#### [WHAT IS REQUIRED]
Your answer must be an exact copy of the listing, with the images left out.
-- Opening Marker --
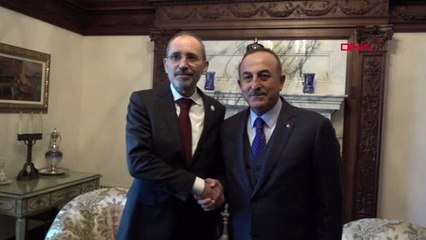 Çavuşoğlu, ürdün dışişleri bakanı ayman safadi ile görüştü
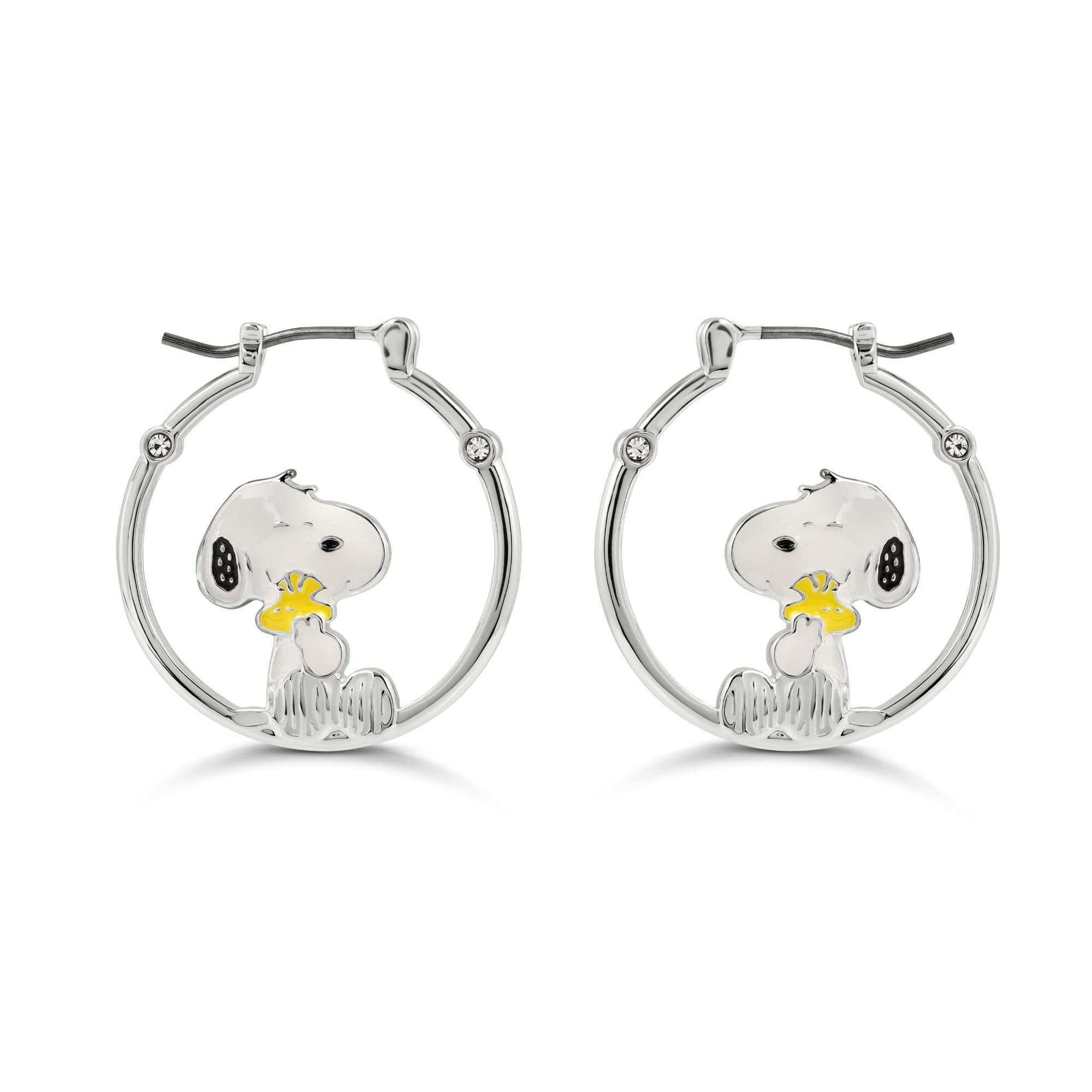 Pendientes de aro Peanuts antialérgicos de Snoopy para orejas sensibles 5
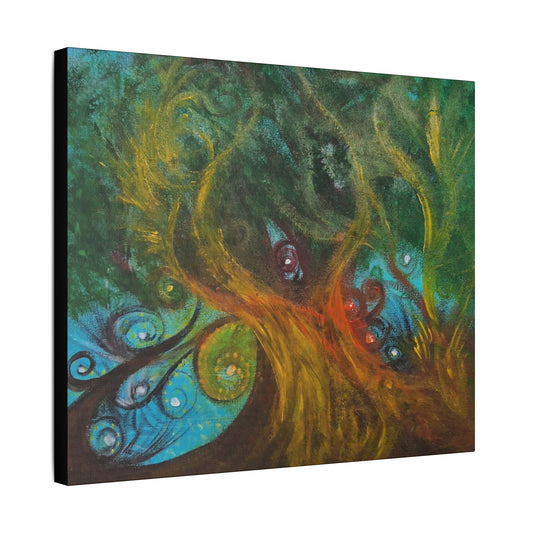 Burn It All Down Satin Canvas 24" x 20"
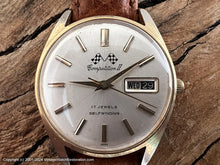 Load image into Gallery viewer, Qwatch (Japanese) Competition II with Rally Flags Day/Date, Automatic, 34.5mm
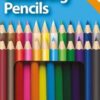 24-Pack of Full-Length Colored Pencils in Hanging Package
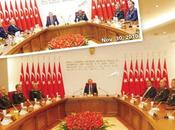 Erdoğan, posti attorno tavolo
-- Closing Marker --
#### [WRITTEN ANSWER]
 Çavuşoğlu, ürdün dışişleri bakanı ayman safadi ile görüştü
 Pendientes de aro Peanuts antialérgicos de Snoopy para orejas sensibles 5
 Burn It All Down Satin Canvas 24" x 20"
 Load image into Gallery viewer, Qwatch (Japanese) Competition II with Rally Flags Day/Date, Automatic, 34.5mm
 24-Pack of Full-Length Colored Pencils in Hanging Package
 Erdoğan, posti attorno tavolo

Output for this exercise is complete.